Today, let’s learn how to make a shadow in Photoshop!
There are various methods for creating shadows in Photoshop. If you’ve worked with Photoshop a lot, you’ve probably used the drop shadow layer style. This method is great when you want a quick shadow for a simple object, but quickly becomes ineffective with more complex shapes.
You can also create a copy of the object and fill the layer with a solid shadow color. You’ll see a lot of tutorials based on this method. It works, but only with a bit of finicking around to get the shadow just right.
For this method, I’ll show you how to make a gradient shadow in Photoshop to cut down a little on the finicking around. Let me show you how it works!
Table of Contents
Step 1: Create a Gradient Effects Layer
Remember how I mentioned that you need shadows to create realistic composites? You can see how our shadowless flower looks like it is floating above the sand.
With the flower layer selected, click on the fx button at the bottom of the Layers panel. Ignore the Drop Shadow option and go for Gradient Overlay.
Step 2: Pick the Gradient Colors
The Layer Styles panel will open and automatically jump to the settings for the Gradient Overlay. We want to create a gradient going from dark gray to light gray. Click in the colored Gradient box to choose colors.
In the Basics Presets folder at the top of the Gradient Editor, you can choose the black-to-white gradient as a starting point.
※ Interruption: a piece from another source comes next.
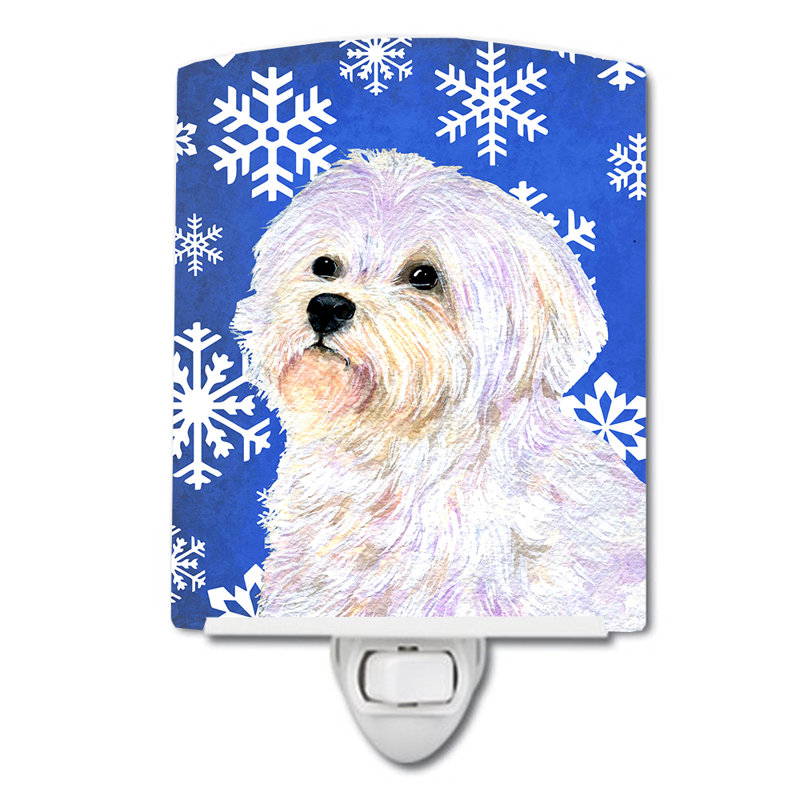Maltese Winter Snowflakes Holiday Ceramic Night Light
Now we need to choose our shadow colors. Contrary to what you may have heard, black is not a good shadow color as shadows are not actually black. They will always have something of a color cast depending on the image you’re working with.
If your image already has shadows, I would suggest color-matching your gradient to the existing shadows. I don’t really have any shadows to color match in this image so I’m going to color match to the sand, then choose a dark and a light gray with the same brown undertones.
Pick one side of the gradient by clicking on the little square on the bottom left side of your gradient preview. Then click on the color box at the bottom of the dialog box. The color picker will open and you can choose your color.
Then do the same thing with the other side of the gradient and choose a lighter shade of gray.
Click OK on all the windows to close out everything.
Step 3: Turn the Gradient Effect into a Layer
At this point, the gradient is still appearing as an effect on top of our flower layer. We want to turn the gradient effect into its own new layer.
Right-click on the word effects that are snuggled under your flower layer and choose Create Layer.
It will pull the effect out as its own layer and automatically clip it to the flower layer.
But the clipped method doesn’t work for us. We want the gradient to be independent of the flower layer, yet retain the flower shape. So we need to create a selection and mask off the unneeded parts of the gradient.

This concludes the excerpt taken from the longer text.